_EXERCISE DETAILS_
Return exactly, please, the line that contains "New York Used" and every line after it through the end of the material that follows, leaving pictures aside.

_DATA_
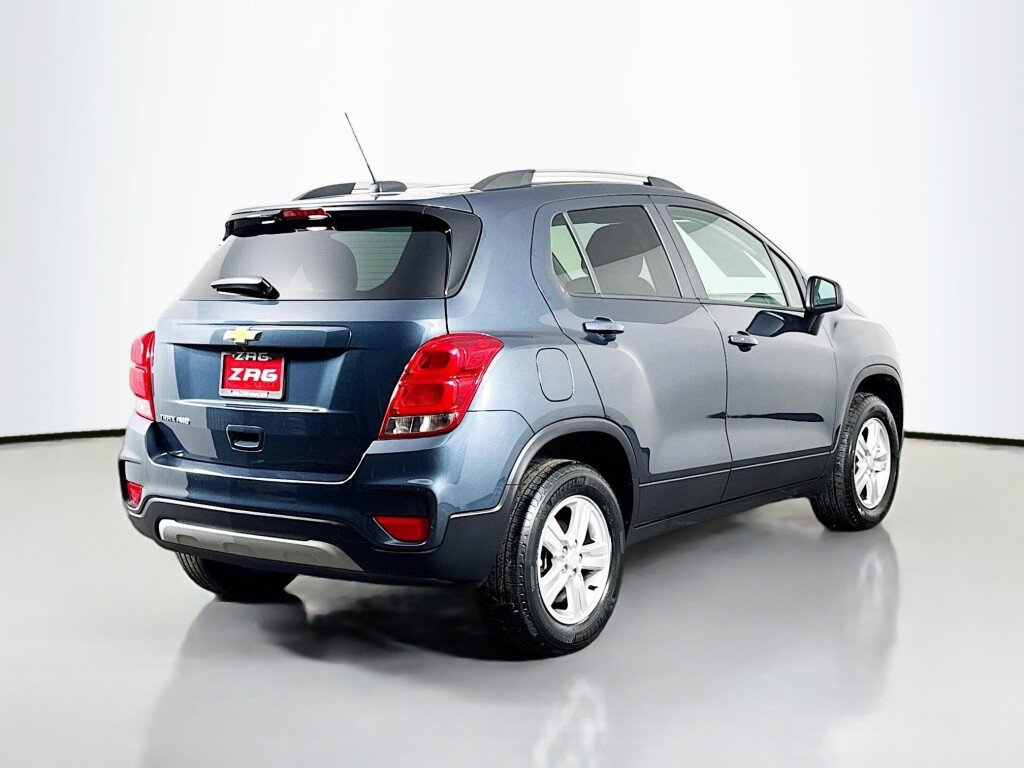 Used 2021 Chevrolet Trax LT w/ LT Convenience Package image 5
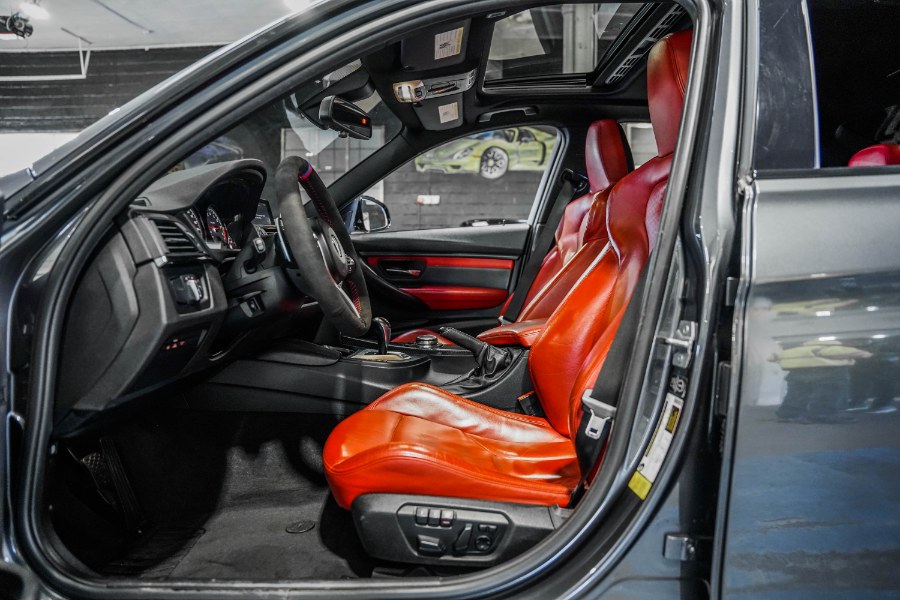 Used BMW M3 4dr Sdn 2015 | 26 Motors Corp. Bronx, New York Used BMW M3 4dr Sdn 2015 | 26 Motors Corp. Bronx, New York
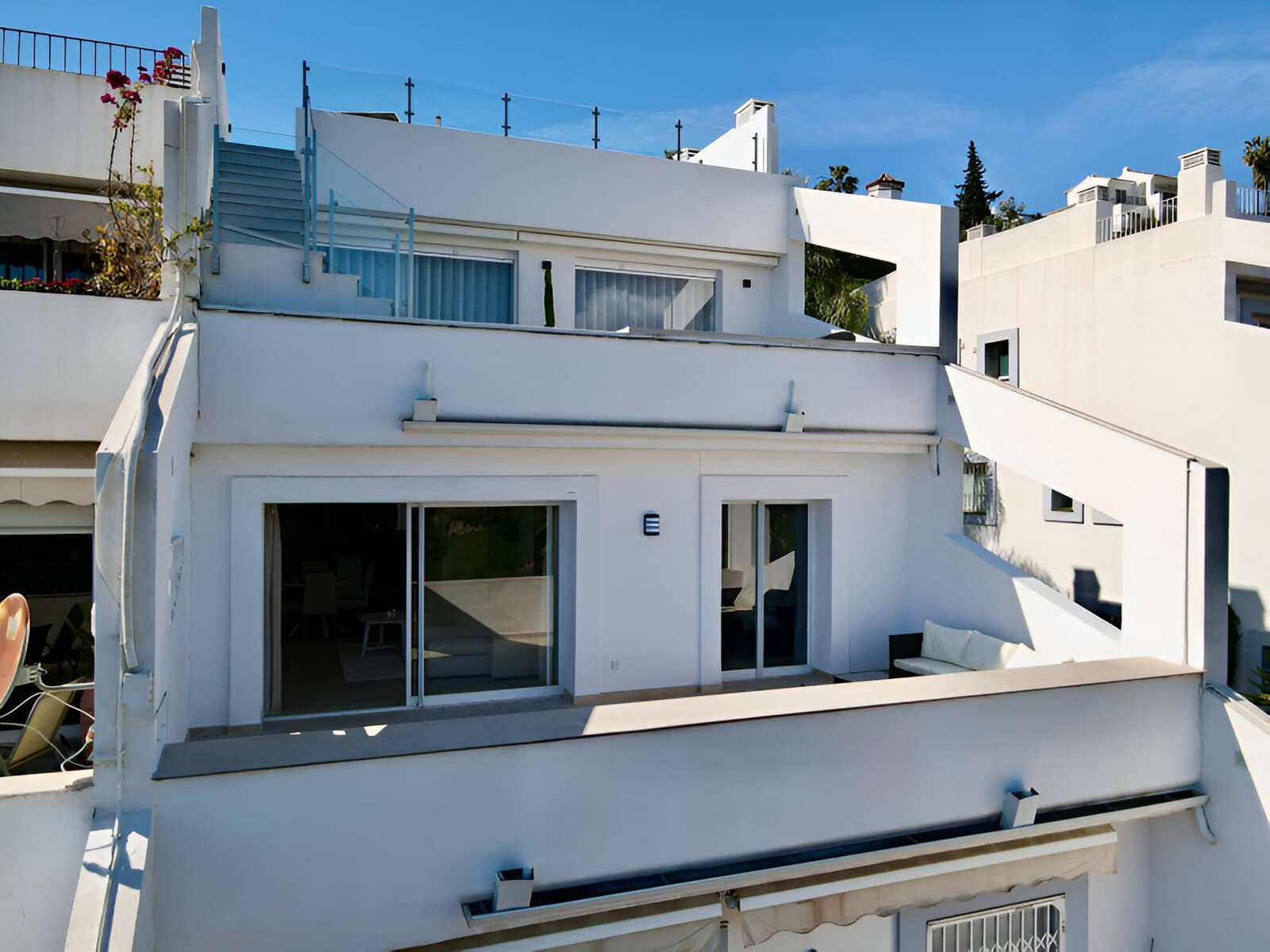 2 bedroom Apartment for sale in Benahavis with pool garage - € 555,000 (Ref: 9050861)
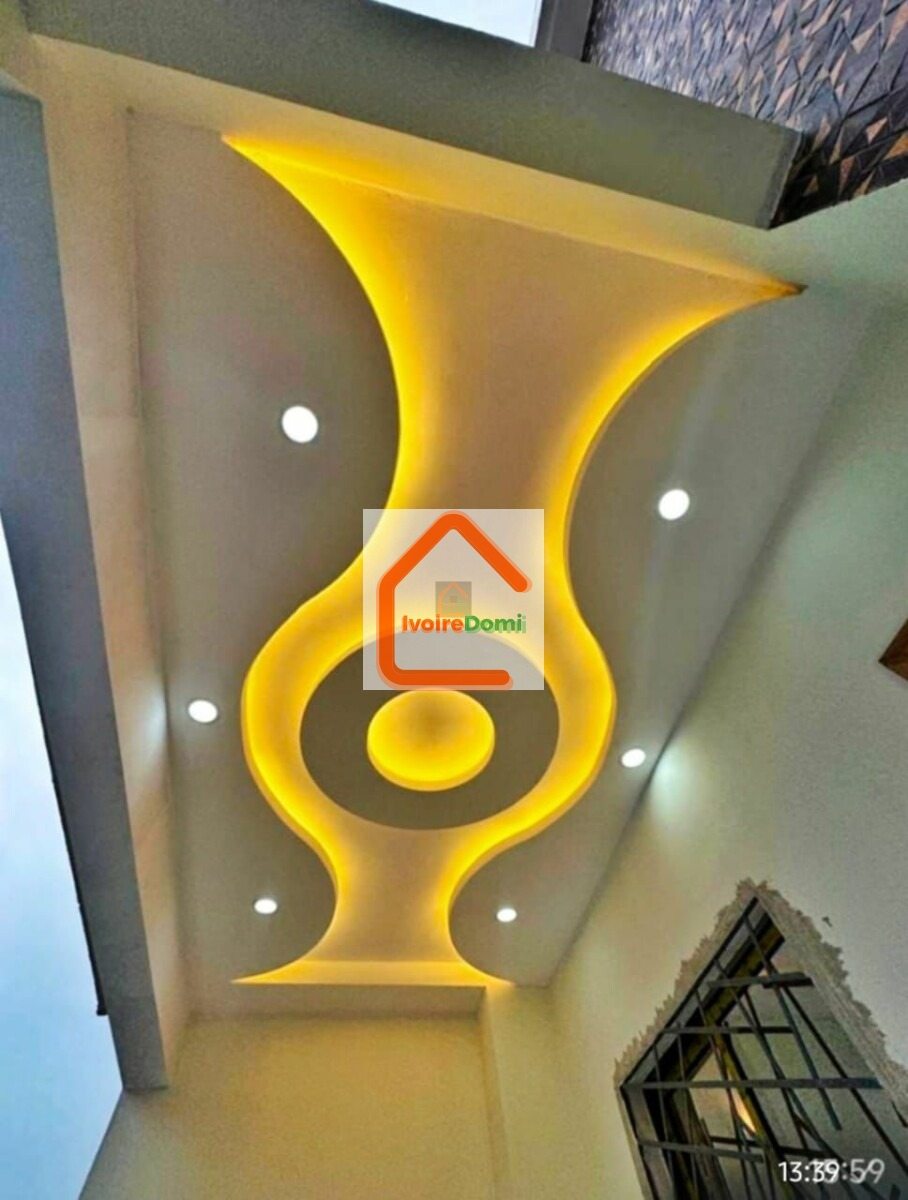 Une somptueuse villa duplex de 6 pièces à Cocody Riviéra Faya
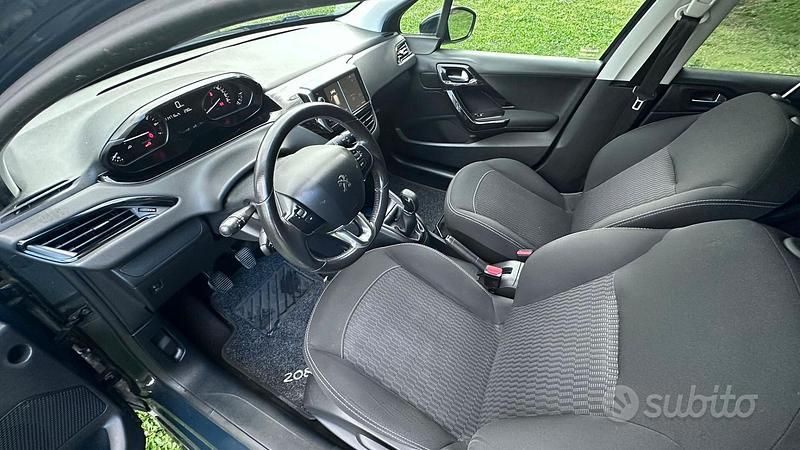 Usata Peugeot 208 Allure 81 CV (59 kW) 2018 Blu Utilitaria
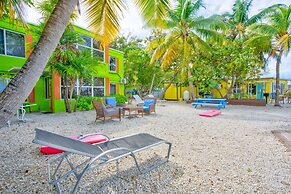 Captain Pips Marina & Hideaway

_TASK RESULT_
 Used BMW M3 4dr Sdn 2015 | 26 Motors Corp. Bronx, New York Used BMW M3 4dr Sdn 2015 | 26 Motors Corp. Bronx, New York
 2 bedroom Apartment for sale in Benahavis with pool garage - € 555,000 (Ref: 9050861)
 Une somptueuse villa duplex de 6 pièces à Cocody Riviéra Faya
 Usata Peugeot 208 Allure 81 CV (59 kW) 2018 Blu Utilitaria
 Captain Pips Marina & Hideaway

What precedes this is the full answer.